Teologicamente é possível pensar numa Igreja mais democrática. É claro que não se trata de co­piar uma forma democrática e trazê-la para dentro da Igreja. (Poderá haver democracia em questão de dogma e moral?) Estamos ainda muito longe da fórmula do Concílio de Jerusalém, que inscreveu no enunciado do seu decreto: “Aprouve aos Apóstolos, aos Presbíteros e a toda a Igreja…” (cf. At 15,23.25). Apesar disso, há muitos campos onde o Povo de Deus pode e deve manifestar seu parecer e decidir. São muitas, hoje, as paróquias onde ainda não existe um conselho paroquial de pastoral, um conselho administrativo e onde praticamente se desconhece a prática dos ministérios não ordenados.

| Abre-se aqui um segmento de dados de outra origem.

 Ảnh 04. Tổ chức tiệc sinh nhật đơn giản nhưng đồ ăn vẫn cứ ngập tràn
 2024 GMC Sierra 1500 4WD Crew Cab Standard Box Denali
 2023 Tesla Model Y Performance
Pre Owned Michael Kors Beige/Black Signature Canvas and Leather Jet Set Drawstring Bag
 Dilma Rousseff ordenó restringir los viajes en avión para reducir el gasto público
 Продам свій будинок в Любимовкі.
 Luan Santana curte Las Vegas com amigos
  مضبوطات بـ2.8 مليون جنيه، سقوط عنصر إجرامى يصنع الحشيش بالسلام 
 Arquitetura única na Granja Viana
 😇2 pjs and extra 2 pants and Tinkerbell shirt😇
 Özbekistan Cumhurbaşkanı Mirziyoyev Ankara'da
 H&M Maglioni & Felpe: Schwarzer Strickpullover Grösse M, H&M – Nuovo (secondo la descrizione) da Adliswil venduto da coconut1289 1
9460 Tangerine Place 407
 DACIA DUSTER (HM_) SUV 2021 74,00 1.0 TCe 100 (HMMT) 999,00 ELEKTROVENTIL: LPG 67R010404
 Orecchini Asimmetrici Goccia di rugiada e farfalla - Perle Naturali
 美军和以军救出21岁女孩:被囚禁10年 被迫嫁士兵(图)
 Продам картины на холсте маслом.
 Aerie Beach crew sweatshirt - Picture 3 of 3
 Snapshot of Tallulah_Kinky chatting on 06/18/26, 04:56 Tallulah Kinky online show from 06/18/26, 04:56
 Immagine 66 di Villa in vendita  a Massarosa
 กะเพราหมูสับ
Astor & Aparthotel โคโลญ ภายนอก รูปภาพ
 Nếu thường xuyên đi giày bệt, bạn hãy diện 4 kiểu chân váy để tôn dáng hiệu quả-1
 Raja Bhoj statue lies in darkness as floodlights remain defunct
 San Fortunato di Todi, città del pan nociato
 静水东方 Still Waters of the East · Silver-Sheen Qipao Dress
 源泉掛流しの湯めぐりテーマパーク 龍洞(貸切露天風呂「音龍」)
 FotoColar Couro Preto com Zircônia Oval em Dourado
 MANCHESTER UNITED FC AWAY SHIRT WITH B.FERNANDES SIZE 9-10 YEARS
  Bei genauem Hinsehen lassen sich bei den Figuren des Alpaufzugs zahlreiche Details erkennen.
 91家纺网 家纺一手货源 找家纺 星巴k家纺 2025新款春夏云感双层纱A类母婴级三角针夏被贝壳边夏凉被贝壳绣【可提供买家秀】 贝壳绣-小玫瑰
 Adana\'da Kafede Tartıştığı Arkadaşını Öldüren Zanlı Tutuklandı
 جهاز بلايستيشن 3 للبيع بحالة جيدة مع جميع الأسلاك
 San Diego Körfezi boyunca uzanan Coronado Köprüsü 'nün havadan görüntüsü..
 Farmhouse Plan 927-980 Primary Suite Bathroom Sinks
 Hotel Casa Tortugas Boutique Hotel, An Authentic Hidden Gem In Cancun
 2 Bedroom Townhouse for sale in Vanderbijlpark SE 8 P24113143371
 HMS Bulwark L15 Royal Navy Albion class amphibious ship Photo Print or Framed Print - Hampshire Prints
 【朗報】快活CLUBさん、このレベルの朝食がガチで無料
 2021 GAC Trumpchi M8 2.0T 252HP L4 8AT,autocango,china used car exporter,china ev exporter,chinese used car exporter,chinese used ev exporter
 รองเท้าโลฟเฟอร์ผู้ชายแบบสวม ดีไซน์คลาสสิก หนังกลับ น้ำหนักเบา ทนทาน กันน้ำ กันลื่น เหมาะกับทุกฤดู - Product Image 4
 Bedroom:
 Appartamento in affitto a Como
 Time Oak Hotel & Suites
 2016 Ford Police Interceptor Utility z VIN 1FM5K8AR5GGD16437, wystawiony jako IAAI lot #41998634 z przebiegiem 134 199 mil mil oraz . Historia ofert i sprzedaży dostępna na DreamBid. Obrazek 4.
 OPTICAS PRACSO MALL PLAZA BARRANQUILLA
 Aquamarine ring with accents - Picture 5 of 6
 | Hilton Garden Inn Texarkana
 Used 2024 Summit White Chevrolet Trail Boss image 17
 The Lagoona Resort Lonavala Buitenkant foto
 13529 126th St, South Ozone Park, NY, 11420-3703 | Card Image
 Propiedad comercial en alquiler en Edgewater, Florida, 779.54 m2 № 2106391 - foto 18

Tudo é centralizado na pessoa do ministro ordenado.

A estrutura paroquial já de há muito se mostra inadequada; porém ainda hoje a paróquia é vista como sinal de unidade das várias comunidades dentro de seu território e centro jurídico, mas para além disso a paróquia é uma comunidade onde deve existir participação efetiva do Povo de Deus.

É alentador presenciar a multiplicação de Comunidades Eclesiais de Base, representantes de uma nova forma de ser Igreja, mais condizente com o espírito do Vaticano II. Nas CEBs vê-se mais comunhão e participação, mais ligação entre a fé e a vida, e da prática dessas comunidades nasce uma série de novos ministérios conforme as necessidades que vão aparecendo. Vemos nas Comunidades Eclesiais de Base uma realização da eclesiologia do Vaticano II.

Não se pode negar as dificuldades que essas comunidades enfrentam diante de uma paróquia que não se abriu a essa nova realidade eclesial e que não se renovou em sua estrutura para ser sinal de unidade das várias comunidades. O conflito às vezes é inevitável, redundando no autoritarismo em vez da comunhão e participação.

A eclesiologia de comunhão desejada pelo Vaticano II demanda esforço conjunto de todo o Povo de Deus. Muitas distorções estão arraigadas no seio da Igreja pela força da história. Essas distorções dificultam a historicização da novidade eclesiológica do Vaticano II. A imagem da Igreja como Povo de Deus deve iluminar a Igreja no seu caráter histórico e na sua solidariedade interna. Estamos muito longe ainda, como recorda a Relatio finalis no último Sínodo extraordinário, de vermos a eclesiologia da Lumen Gentium tornada história.